Trek's best-selling city bike has a light aluminium frame, very wide-range 21-speed gears that'll get you up any hills you're likely to find in the UK, and convenient Shimano trigger shifters.

You don't get extras like a rack or mudguards, but the frame has all the necessary fittings for them, and will even take a Dutch-style frame/wheel lock like the AXA Defender so you can't forget your lock.

Find a Trek dealer

Triban RC500 Flat Bar — £549.99

B'Twin Triban 520 Flat Bar.jpg

Decathlon's Triban RC500 promises road bike zip with the more upright position of a flat bar so you can sit up and admire the view or keep an eye out for random taxis.

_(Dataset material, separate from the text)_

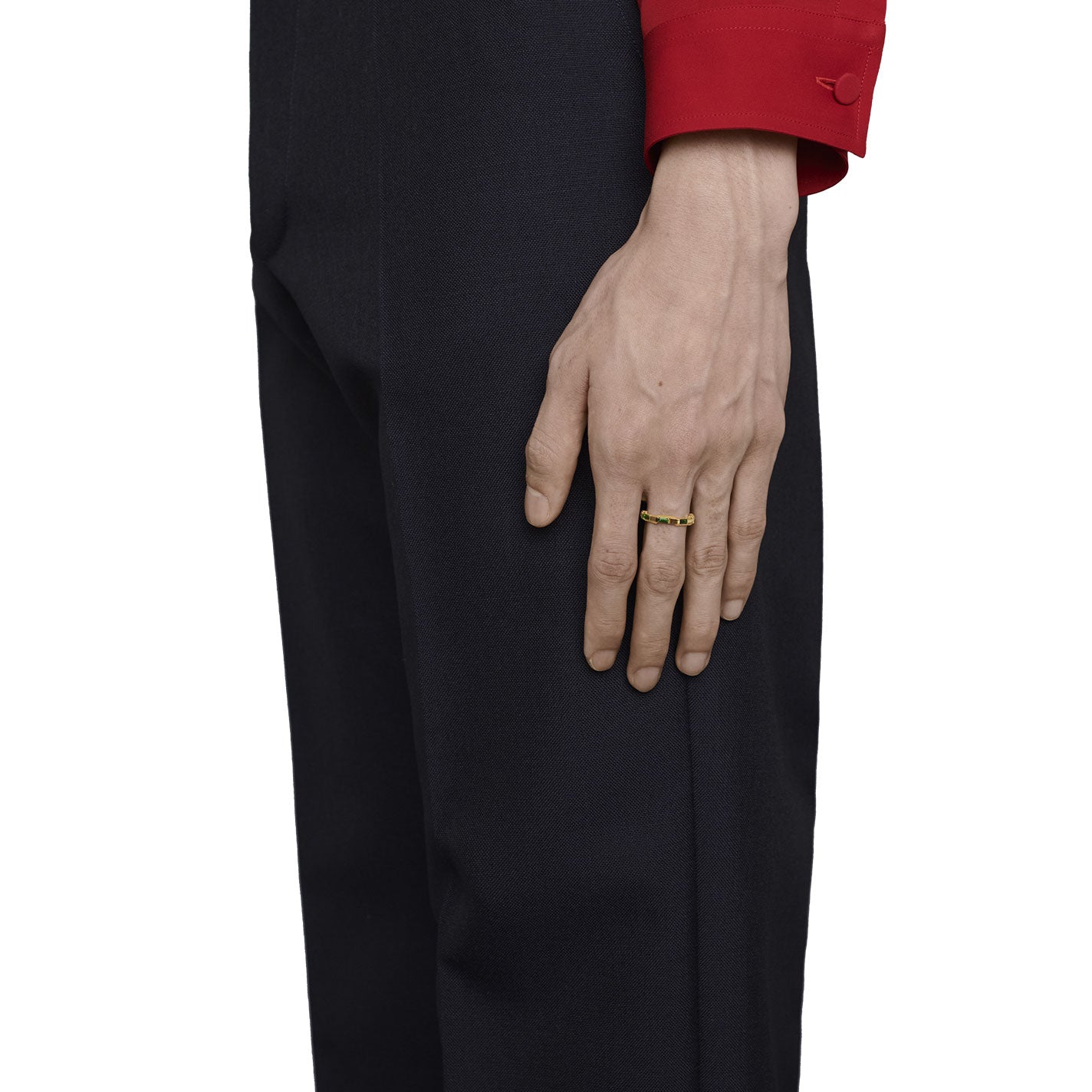 A person wearing a red shirt has their right hand resting on dark pants, showcasing a sleek Gucci Link to Love Tourmaline 18K yellow gold ring from GUCCI Fine Jewellery on the ring finger. The background is white.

The Triban RC500 strikes a balance between speed and practicality. On the speed side, well, at heart it's a road bike. Skinny tyres, narrow saddle, seat a bit higher than the bars. On the other hand, it's got a flat bar, with gears controlled by mountain bike-style triggers so you never need move your hands away from the brakes.

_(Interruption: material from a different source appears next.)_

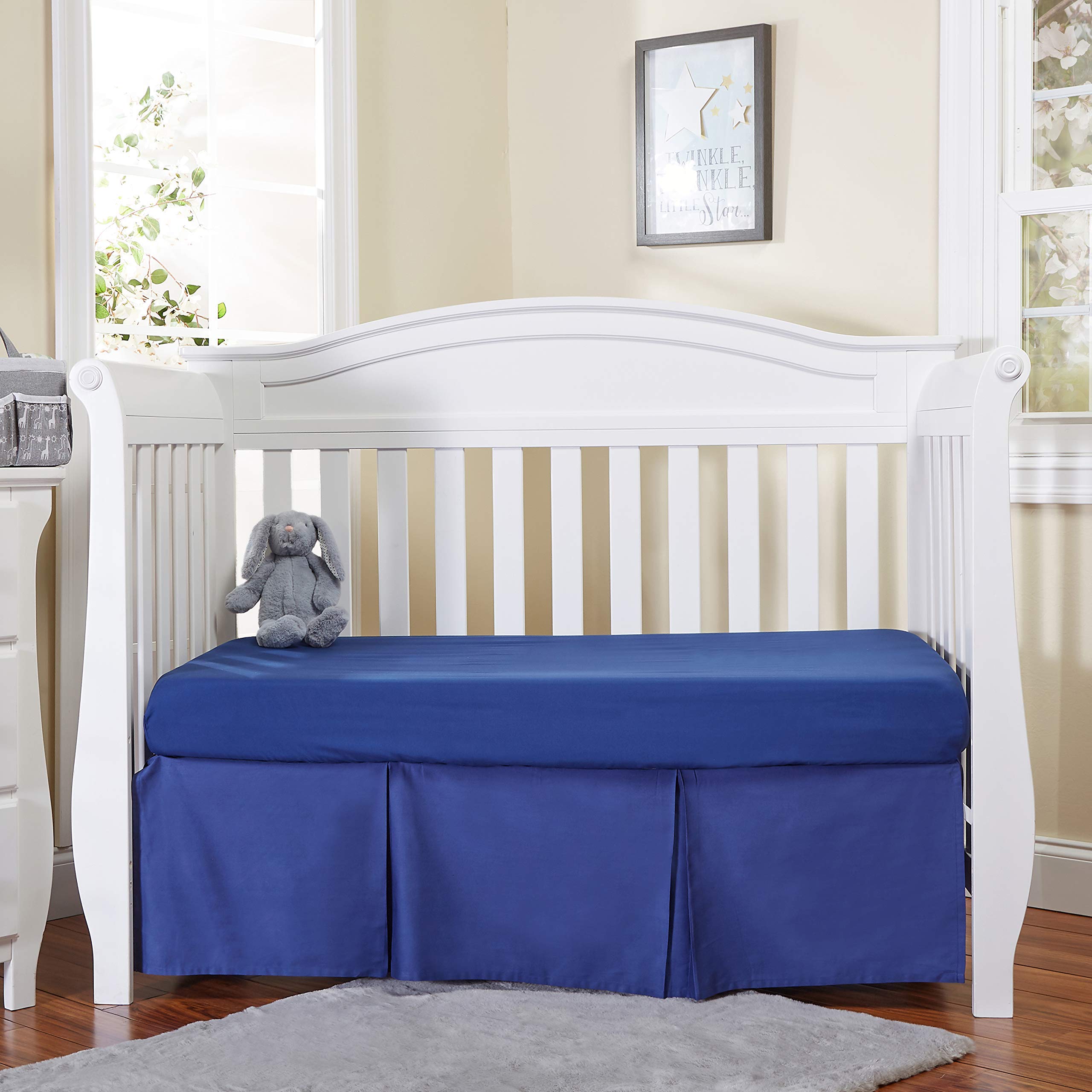 EVERYDAY KIDS navy blue pleated crib skirt hides under-crib storage.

The frame has fittings for rack and guards so it can be practical too and the Shimano Sora components make it a bargain for this price.

Read our first look at the very similar Triban 540

Giant Escape 2 City Disc — £524.99

2019 Giant ESCAPE 2 DISC CITY

A dry bum, a place to carry stuff and a kickstand so you don't have to lean it against a lamppost or railing to park it. There's also a triple chainset for a huge gear range, so if you head for the hills at the weekend you need fear no climb, however steep. Hydraulic disc brakes bring it to a halt and there are nice wide puncture -resistant tyres to keep you rolling.

Find a Giant dealer

Boardman HYB 8.9 — £1,000

2018_boardman_hyb_8.9.jpeg

Boardman is another brand that's ubiquitous on the city streets and main man Chris Boardman is similarly ubiquitous in the media advocating for cycling rights.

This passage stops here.